▼▼▼

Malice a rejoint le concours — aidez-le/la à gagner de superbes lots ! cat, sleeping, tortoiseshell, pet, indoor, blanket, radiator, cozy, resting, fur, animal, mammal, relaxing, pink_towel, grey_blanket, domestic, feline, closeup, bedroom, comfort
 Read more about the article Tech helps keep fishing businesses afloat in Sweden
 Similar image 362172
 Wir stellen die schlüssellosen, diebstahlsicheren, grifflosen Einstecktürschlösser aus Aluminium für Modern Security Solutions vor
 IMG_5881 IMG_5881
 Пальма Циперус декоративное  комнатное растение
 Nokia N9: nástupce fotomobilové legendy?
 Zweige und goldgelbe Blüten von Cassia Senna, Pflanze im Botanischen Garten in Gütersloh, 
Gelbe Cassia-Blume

▲▲▲

[Task details] Give a word-for-word restatement of every record.

[Exercise solution]
Malice a rejoint le concours — aidez-le/la à gagner de superbes lots ! cat, sleeping, tortoiseshell, pet, indoor, blanket, radiator, cozy, resting, fur, animal, mammal, relaxing, pink_towel, grey_blanket, domestic, feline, closeup, bedroom, comfort
 Read more about the article Tech helps keep fishing businesses afloat in Sweden
 Similar image 362172
 Wir stellen die schlüssellosen, diebstahlsicheren, grifflosen Einstecktürschlösser aus Aluminium für Modern Security Solutions vor
 IMG_5881 IMG_5881
 Пальма Циперус декоративное  комнатное растение
 Nokia N9: nástupce fotomobilové legendy?
 Zweige und goldgelbe Blüten von Cassia Senna, Pflanze im Botanischen Garten in Gütersloh, 
Gelbe Cassia-Blume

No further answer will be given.